On defense, things are equally as deep. Veteran presence and future Hall-of-Famer Chris Pronger leads a group that can roll six deep on any given night — he’s the best of a group that includes offensive defenceman Matt Carle, young shutdown man Braydon Coburn, Andrej Meszaros — one of the annual league-leaders in plus-minus — and Kimmo Timonen, the veteran Finnish blueliner that’s lethal on the PP.

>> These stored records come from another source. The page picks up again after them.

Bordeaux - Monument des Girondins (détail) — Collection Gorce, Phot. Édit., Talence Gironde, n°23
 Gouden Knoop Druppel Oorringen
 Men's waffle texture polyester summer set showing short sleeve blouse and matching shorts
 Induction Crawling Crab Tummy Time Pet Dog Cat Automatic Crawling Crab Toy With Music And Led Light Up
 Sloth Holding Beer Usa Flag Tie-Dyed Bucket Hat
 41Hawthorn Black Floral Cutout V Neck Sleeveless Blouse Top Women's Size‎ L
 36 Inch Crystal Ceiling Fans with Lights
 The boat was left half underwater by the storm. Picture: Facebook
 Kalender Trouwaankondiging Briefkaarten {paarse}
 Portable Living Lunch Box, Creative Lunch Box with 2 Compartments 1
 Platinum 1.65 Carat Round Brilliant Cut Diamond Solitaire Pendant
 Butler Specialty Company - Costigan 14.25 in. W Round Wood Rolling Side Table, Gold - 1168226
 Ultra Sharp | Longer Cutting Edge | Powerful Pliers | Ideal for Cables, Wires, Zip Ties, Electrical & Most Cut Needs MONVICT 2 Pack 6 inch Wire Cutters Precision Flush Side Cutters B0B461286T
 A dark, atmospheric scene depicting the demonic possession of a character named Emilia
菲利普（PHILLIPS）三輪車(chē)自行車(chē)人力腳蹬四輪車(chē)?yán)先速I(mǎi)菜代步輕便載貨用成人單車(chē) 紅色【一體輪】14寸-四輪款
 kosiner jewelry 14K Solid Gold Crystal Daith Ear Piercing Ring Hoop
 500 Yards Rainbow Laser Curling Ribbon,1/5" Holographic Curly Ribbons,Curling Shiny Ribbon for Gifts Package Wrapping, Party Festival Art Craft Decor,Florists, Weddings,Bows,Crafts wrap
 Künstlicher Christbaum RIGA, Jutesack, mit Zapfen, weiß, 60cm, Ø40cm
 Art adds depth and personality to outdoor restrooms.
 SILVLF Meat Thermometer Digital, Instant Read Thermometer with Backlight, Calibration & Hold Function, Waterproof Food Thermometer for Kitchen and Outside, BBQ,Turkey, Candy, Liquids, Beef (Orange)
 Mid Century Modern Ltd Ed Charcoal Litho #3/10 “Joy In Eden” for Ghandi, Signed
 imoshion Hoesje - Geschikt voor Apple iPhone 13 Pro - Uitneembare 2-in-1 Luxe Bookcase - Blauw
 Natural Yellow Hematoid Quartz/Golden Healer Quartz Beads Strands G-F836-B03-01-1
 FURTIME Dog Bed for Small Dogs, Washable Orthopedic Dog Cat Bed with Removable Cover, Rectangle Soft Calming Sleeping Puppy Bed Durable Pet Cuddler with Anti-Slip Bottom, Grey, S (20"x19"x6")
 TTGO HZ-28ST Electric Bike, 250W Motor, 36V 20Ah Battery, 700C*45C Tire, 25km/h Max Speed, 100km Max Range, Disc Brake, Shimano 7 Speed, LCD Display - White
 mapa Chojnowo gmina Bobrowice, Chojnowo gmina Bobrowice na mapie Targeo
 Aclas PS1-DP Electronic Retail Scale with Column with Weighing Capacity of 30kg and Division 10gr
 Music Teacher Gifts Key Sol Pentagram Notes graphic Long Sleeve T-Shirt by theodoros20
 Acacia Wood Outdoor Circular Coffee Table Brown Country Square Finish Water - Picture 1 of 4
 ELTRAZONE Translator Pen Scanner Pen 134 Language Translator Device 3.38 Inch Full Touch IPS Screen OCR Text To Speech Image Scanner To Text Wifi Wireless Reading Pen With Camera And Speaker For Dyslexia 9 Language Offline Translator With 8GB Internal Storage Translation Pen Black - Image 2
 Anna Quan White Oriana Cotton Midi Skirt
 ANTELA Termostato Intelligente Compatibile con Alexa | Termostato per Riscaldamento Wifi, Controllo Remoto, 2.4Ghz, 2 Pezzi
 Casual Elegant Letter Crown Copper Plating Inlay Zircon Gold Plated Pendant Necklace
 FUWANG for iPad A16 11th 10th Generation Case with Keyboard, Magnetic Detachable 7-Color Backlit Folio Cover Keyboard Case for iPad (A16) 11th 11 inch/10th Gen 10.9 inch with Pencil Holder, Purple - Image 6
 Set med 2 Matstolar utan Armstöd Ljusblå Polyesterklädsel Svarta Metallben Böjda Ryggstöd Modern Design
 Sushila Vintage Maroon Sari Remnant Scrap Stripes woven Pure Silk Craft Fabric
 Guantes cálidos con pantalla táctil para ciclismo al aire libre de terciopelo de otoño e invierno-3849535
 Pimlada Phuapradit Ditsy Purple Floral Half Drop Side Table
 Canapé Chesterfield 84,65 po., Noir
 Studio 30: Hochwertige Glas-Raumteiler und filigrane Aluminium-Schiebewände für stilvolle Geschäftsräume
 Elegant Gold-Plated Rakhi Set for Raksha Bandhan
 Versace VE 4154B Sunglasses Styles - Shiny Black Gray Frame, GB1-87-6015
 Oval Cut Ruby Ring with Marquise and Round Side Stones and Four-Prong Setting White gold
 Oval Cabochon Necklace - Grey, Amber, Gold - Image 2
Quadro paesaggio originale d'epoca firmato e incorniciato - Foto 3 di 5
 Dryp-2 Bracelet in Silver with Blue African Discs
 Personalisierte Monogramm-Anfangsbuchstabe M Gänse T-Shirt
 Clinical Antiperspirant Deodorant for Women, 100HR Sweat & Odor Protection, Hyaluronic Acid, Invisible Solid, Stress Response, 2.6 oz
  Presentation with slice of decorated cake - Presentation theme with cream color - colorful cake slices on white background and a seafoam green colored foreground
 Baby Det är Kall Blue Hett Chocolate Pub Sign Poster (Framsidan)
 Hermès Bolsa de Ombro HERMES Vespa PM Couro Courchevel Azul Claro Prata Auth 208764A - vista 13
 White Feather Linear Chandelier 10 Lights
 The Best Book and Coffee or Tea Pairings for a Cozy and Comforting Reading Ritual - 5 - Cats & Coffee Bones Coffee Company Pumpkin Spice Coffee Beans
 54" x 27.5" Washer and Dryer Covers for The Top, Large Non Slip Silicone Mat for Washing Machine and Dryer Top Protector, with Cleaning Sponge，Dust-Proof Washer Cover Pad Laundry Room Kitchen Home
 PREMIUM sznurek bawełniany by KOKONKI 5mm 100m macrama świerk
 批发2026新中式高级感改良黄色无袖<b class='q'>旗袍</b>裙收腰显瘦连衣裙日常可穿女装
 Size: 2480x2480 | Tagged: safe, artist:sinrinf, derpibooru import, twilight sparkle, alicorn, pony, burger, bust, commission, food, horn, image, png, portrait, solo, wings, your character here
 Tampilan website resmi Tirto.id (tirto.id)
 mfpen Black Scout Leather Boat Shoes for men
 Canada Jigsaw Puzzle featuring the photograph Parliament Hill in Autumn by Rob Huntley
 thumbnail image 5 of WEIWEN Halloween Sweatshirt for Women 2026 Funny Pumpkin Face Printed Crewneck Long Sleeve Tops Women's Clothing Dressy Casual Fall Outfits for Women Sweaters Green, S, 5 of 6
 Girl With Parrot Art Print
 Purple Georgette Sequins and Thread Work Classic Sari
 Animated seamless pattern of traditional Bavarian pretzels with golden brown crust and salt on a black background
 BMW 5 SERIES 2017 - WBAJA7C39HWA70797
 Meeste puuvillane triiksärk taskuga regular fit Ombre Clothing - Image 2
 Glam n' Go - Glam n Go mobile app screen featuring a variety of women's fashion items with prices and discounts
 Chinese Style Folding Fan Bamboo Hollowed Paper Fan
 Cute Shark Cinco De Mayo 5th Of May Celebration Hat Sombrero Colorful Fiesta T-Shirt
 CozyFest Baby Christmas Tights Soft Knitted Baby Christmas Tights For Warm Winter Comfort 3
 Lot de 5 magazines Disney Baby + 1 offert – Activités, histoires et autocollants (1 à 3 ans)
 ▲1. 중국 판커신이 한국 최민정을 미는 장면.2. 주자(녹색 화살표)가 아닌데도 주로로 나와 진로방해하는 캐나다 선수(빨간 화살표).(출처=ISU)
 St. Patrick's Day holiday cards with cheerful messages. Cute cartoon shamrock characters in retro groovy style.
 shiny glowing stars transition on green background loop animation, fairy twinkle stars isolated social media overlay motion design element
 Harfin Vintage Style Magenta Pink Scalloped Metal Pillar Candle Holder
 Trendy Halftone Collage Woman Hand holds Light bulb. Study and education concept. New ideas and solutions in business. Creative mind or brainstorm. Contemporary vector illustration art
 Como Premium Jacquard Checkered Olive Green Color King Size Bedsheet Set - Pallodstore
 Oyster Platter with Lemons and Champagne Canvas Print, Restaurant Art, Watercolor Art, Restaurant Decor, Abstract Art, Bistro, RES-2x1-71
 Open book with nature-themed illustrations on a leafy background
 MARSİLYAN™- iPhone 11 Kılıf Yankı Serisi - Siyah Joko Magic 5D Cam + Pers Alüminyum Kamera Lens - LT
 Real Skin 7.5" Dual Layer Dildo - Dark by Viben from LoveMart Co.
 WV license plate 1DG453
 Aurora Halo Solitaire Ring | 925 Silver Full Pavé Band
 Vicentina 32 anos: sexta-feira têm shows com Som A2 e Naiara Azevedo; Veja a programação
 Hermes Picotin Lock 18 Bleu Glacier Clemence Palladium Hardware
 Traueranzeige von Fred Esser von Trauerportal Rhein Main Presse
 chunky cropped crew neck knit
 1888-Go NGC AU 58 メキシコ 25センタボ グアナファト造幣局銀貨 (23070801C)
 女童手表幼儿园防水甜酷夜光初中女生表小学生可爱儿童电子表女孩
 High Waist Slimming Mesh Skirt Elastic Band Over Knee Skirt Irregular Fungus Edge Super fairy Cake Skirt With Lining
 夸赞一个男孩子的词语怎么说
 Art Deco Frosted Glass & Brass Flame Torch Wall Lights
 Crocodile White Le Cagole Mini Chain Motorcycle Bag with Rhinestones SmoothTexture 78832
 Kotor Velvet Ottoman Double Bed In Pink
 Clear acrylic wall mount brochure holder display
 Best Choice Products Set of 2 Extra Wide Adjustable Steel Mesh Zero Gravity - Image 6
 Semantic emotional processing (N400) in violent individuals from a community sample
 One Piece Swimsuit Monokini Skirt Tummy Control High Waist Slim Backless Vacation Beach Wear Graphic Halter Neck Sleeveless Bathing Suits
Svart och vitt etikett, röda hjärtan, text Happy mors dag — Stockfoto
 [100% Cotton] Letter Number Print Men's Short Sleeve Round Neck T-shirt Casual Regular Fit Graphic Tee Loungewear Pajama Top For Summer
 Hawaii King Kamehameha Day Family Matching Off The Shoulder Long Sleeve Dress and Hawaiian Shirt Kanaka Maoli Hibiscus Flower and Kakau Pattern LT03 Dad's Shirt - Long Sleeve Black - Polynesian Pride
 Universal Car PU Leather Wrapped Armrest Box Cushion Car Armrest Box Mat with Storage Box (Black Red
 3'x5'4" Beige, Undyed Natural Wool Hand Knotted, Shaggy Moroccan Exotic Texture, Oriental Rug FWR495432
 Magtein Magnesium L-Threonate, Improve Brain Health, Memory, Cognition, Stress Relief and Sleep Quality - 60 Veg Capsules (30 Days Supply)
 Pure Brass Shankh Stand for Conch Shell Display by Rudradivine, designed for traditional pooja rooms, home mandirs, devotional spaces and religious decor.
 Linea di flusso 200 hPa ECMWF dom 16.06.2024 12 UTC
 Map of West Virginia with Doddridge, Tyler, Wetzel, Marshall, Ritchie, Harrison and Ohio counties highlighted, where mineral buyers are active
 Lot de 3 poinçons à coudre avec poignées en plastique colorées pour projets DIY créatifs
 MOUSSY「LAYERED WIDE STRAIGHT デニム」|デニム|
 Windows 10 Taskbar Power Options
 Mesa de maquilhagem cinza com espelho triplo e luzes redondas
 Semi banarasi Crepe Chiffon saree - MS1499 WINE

The real question for Philly as the “second half” of the season nears in the goaltending position. Unheralded rookie Sergei Bobrovsky has played the majority of the games this year, but he’s incredibly inexperienced and could be in for some rough nights as the playoffs near and intensity grows. He’s backed up by able veteran Brian Boucher, but Boucher has always been an injury-prone netminder that’s never established himself as a No.1. Can these two provide enough stable puck-stopping to push Philly to the Cup Finals again? If they can’t, the Flyers do have an ace up their sleeve in Michael Leighton, currently playing with AHL affiliate Adirondack. Leighton led the Flyers to the Cup Finals a year ago, going 8-3 with a 2.46 goals against average and .916 save percentage.
If the Flyers do ever need a boost, Leighton could be a sleeper pick as the guy to provide it.